No picture should appear in the copy. Transcribe exactly, and only, the lines from the one with "We hope that" through the last line of the data below.

-- SOURCE DATA follows --

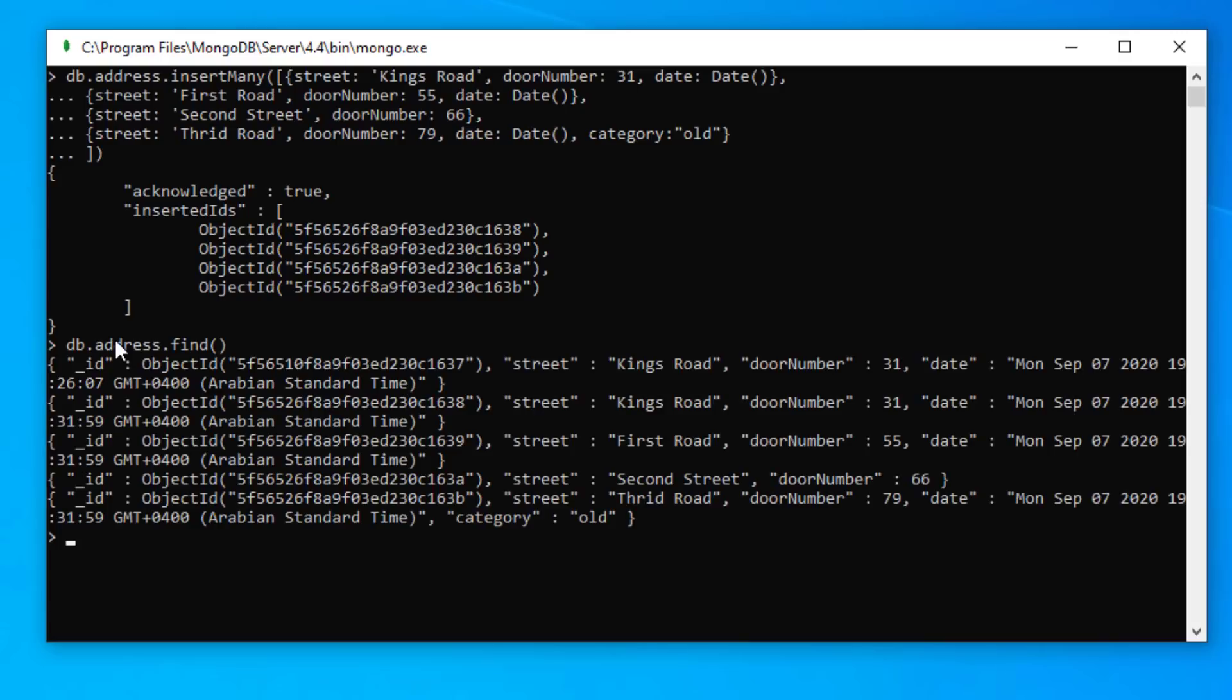If we want to query our database we can just type in db dot addresses dot find. And this will show us everything that we have in the address collection. It's not easy to read.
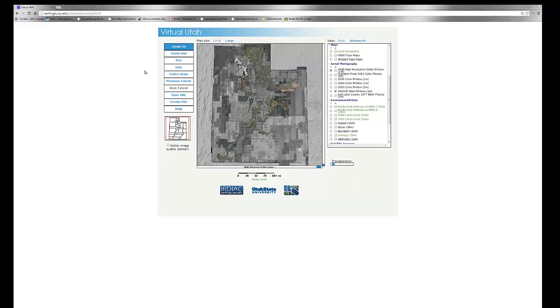We hope that this site will be useful to you, and we welcome any input or suggestions for data layers to add.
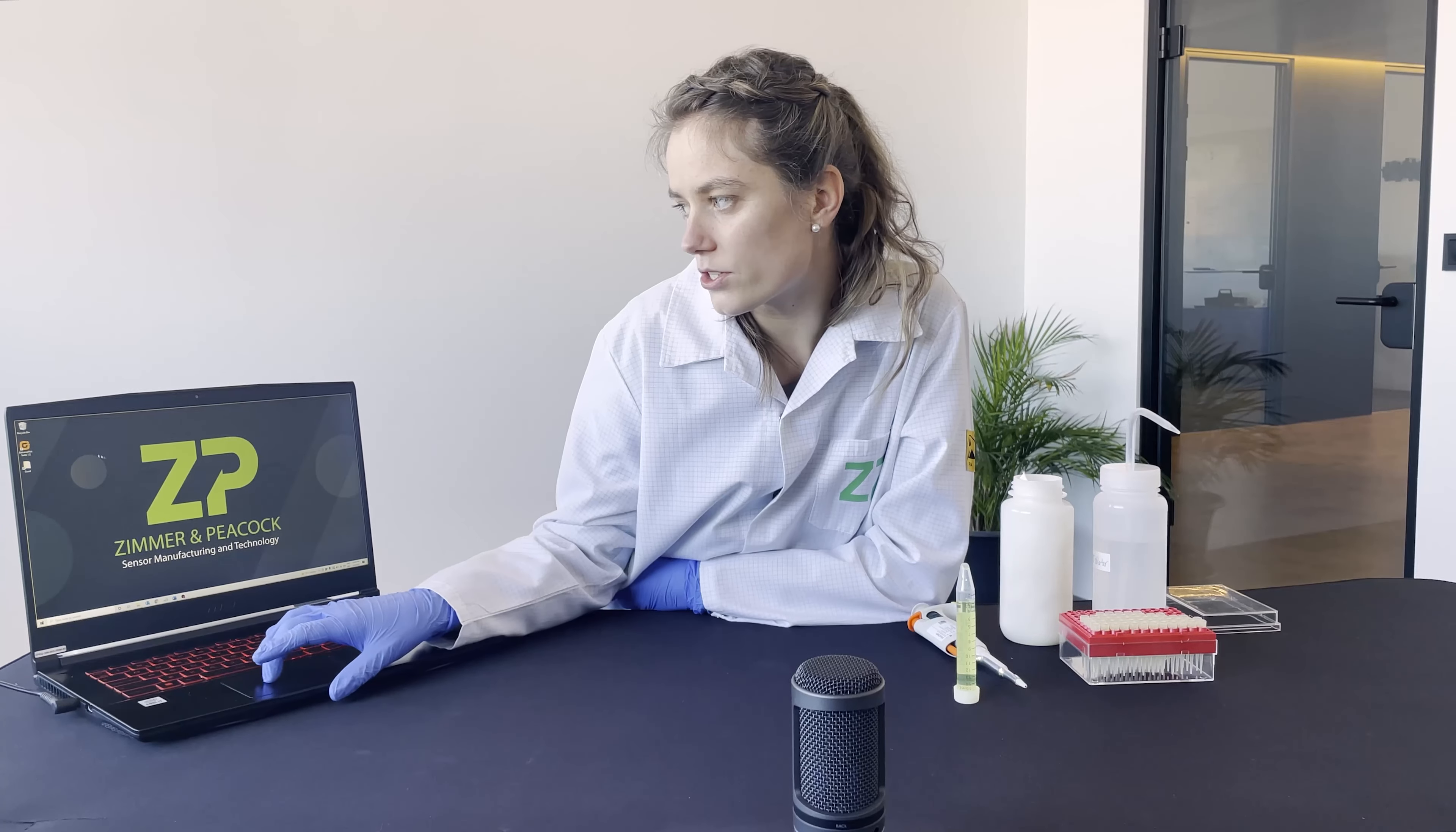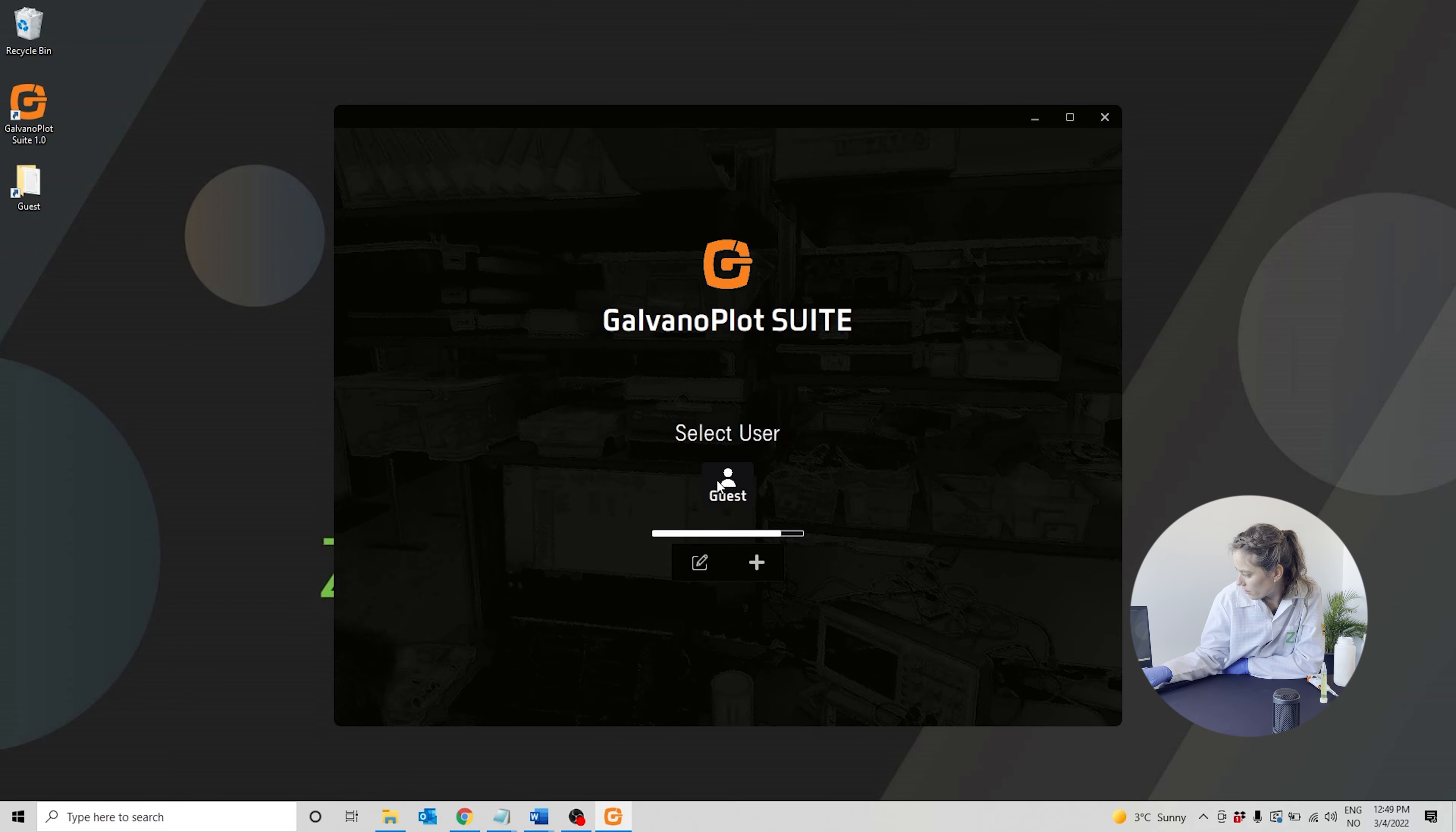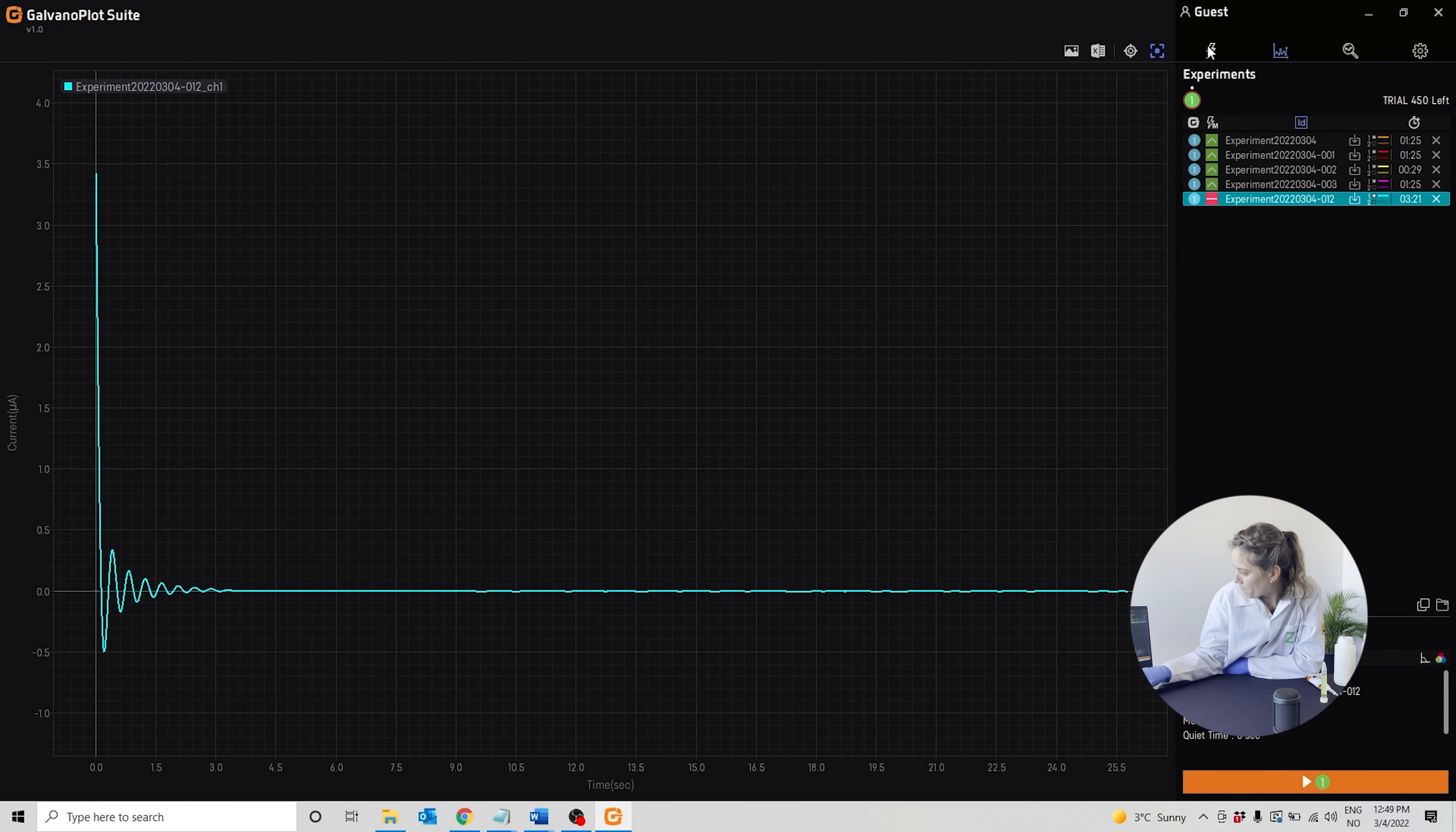We will start the software program, GalvanoPlot, and log in as a guest user. Right now it shows one of our old measurements, but we'll choose new experiment.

-- SOURCE DATA concluded --

YOUR SOLUTION >>
We hope that this site will be useful to you, and we welcome any input or suggestions for data layers to add.
We will start the software program, GalvanoPlot, and log in as a guest user. Right now it shows one of our old measurements, but we'll choose new experiment.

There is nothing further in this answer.